Por Marcello Veneziani
É verdade que as novas gerações estão cada vez mais egoístas. Muitos jovens estão virtualizando todas as suas relações e não nutrem nenhum interesse pelos problemas do mundo que os cercam. Há quem diga que a razão desse problema é uma suposta falta de códigos morais na sociedade, mas não seria o contrário? Não estariam os jovens, hoje, vivendo sob a mira de um novo moralismo, de um moralismo mais perverso e totalitário, que os leva ser do modo como são?
Quantas vezes nós já ouvimos dizer que os jovens estão desprovidos de valores? E se, na verdade, fosse o contrário, que os jovens estão se afogando em um oceano de valores, em um mar de moralismo? E se o mal que acomete os jovens hoje viesse justamente da retórica dos valores? Muitas vezes, os valores que são expressados nos congressos, nas escolas e na televisão são como balões inflados: enormes porque estão cheios, mas cheios de ar, isto é, cheios de nada. Eles são a decoração supérflua de uma realidade cínica cuja principal característica é a pura vontade de exercer domínio. Eles são a flatulência do mercado, que não por acaso impõe também seu preço, tal como também podem ser o adorno de um novo moralismo, de um moralismo mais petulante e mais intolerante.
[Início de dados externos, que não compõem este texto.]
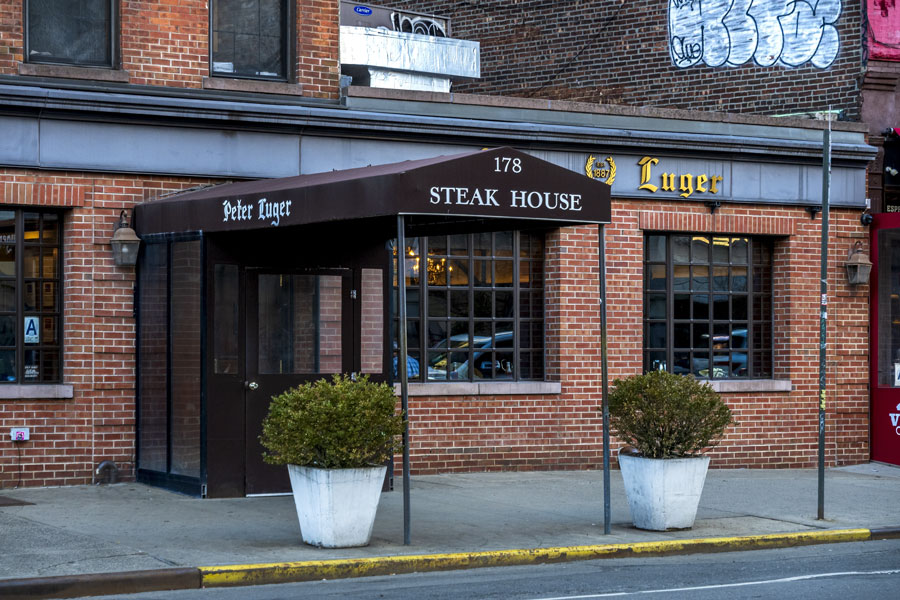 The historic Peter Luger Steak House in Williamsburg, Brooklyn, features a classic brick facade and its distinctive entrance awning. Founded in 1887, the restaurant is also represented on Long Island by its Great Neck location.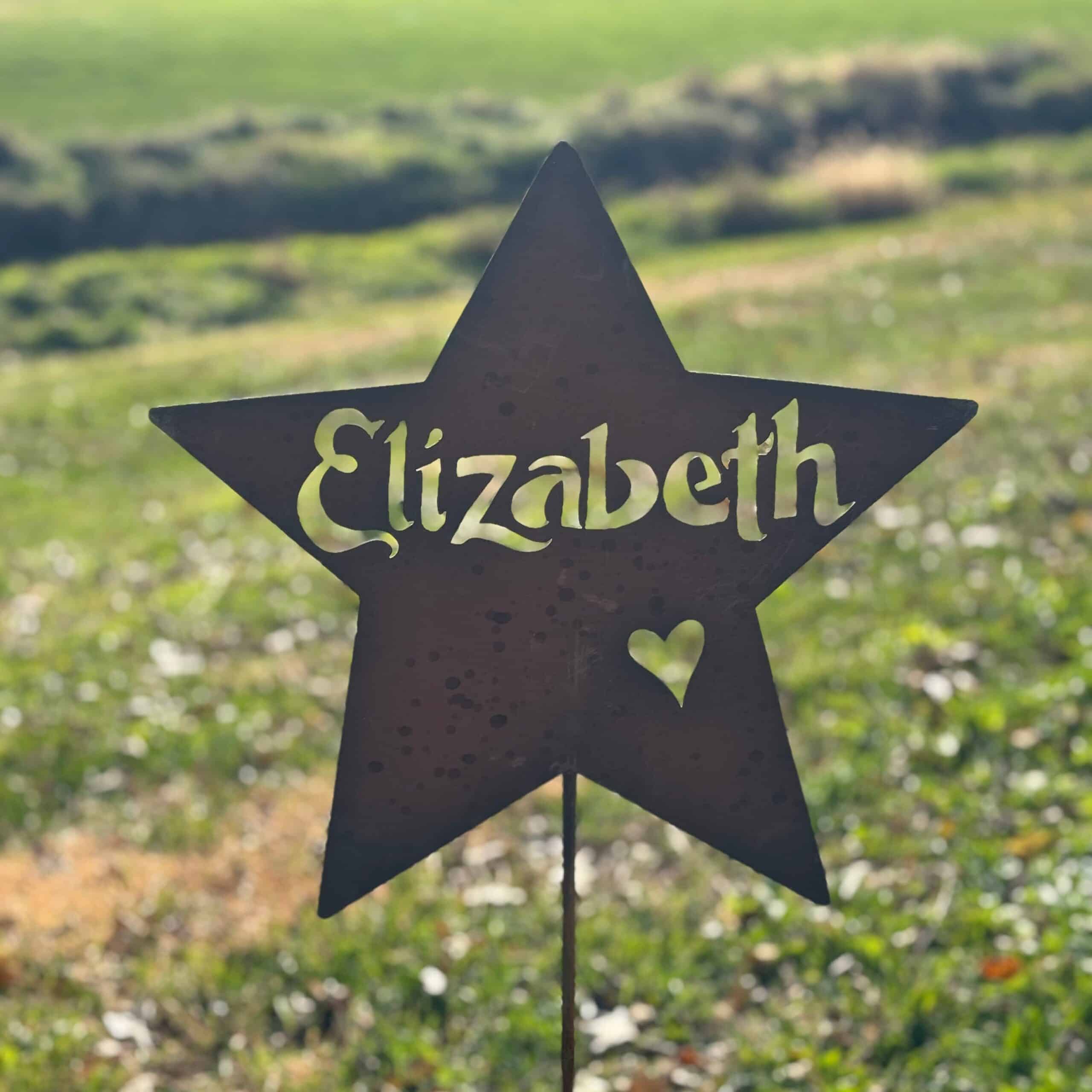 The Handcrafted Metal Name Star – Personalized Outdoor Garden Art, featuring "Elizabeth" and a heart cutout, stands in a grassy field with sunlight softly illuminating the background.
Para as crianças, exemplos funcionam melhor do que explicações. Listemos então um exemplo conhecido. Se você se dispor a resumir em uma imagem o “código genético” dos valores que são apresentados para as crianças hoje, não pense em um livro, nem em uma teoria e nem em um pensador. Pense em um cantor, em uma música famosa. Pense, por exemplo, em Imagine do John Lennon, que é um objeto de culto venerado no mundo todo e que, no âmbito político, é uma canção tida como valorosa porque prega a paz. Essa música passa a seguinte mensagem: “Imagine que não existe paraíso, que não há inferno sob nós. Imagine todas as pessoas vivendo para o presente. Imagine que não exista mais pátrias. Imagine que não mais exista razões para matar ou para morrer e nem religiões.”
Que vazio esplêndido! Afinal, se você vive apenas para o hoje, sem mais razões para viver ou para morrer, se não há mais paraísos e infernos, nem almas e nem outras vidas após a morte, se não há mais Deus, nem pátria, nem raízes, o que fazer com aquela concha vazia de valores batizada várias e várias vezes pela negação (“Não à violência!”, “não à guerra!” etc.)? Tudo o que resta é preenche-la de valores inflados que fazem o homem viver do pior modo possível.
Uma vez negando a vocação natural para se ligar a uma origem, a um lugar, a um sentido e a uma religião, para onde vai o potencial humano senão para paródias ridículas da origem, do sentido e da religião? É o que hoje acontece com a aptidão e a agressão naturais, com a predisposição natural ao risco. Se nós negarmos essas coisas, suprimi-las, não as canalizar e não as civilizar em rituais comuns na sociedade, elas uma hora explodem nas piores formas.
Se a sociedade nega qualquer possibilidade de transcendência à vida, ao ego, ao presente, qual o sentido dela de reclamar de jovens que se dissociam do mundo, de jovens que substituem o mundo real pelo mundo virtual? O egoísmo desses jovens é fruto justamente desses valores que a sociedade prega, ou pelo menos são desses valores que esses jovens se alimentam.
“Escravos dos caprichos, atados à cada momento, vítimas de todos os senhores, sedentos pelo curso d’água, famintos na superabundância”; assim escreveu um rapaz que se matou aos 23 anos de idade. Seu nome era Carlo Michelstaedter. Isso significa dizer que os jovens de hoje são piores que os de ontem? Não. Depreciar as futuras gerações é um clichê estúpido de cada geração. A geração atual é parecida com as gerações passadas, ela não é mais estúpida nem mais má, e sim mais vulnerável e mais introvertida. Sua forma de se expressar, seu modo ser, sua válvula de escape e sua riqueza de saberes estão em um horizonte mais limitado e mais fechado.
Não faz sentido procurar quem é o culpado disso tudo. Se posicionar como inocente ou como culpado são só duas maneiras distintas de ser idiota com algum julgamento inicial. A culpa é de todos, é da família, da escola, da mídia… é de todo o mundo que nos circunda. Mas o pior disso tudo não é nem a extinção dos jovens como uma categoria social, como um recurso público, tornando-os invisíveis; o pior disso tudo reside no afastamento dos jovens da sociedade, na diluição de todas as relações, de todos os elos, de todas as histórias, de toda linguagem comum. Eles não se conectam. A coisa mais terrível que se pode dizer sobre eles, parafraseando Karl Kraus, é o seguinte: quando eu vejo um jovem, nada me vem em mente.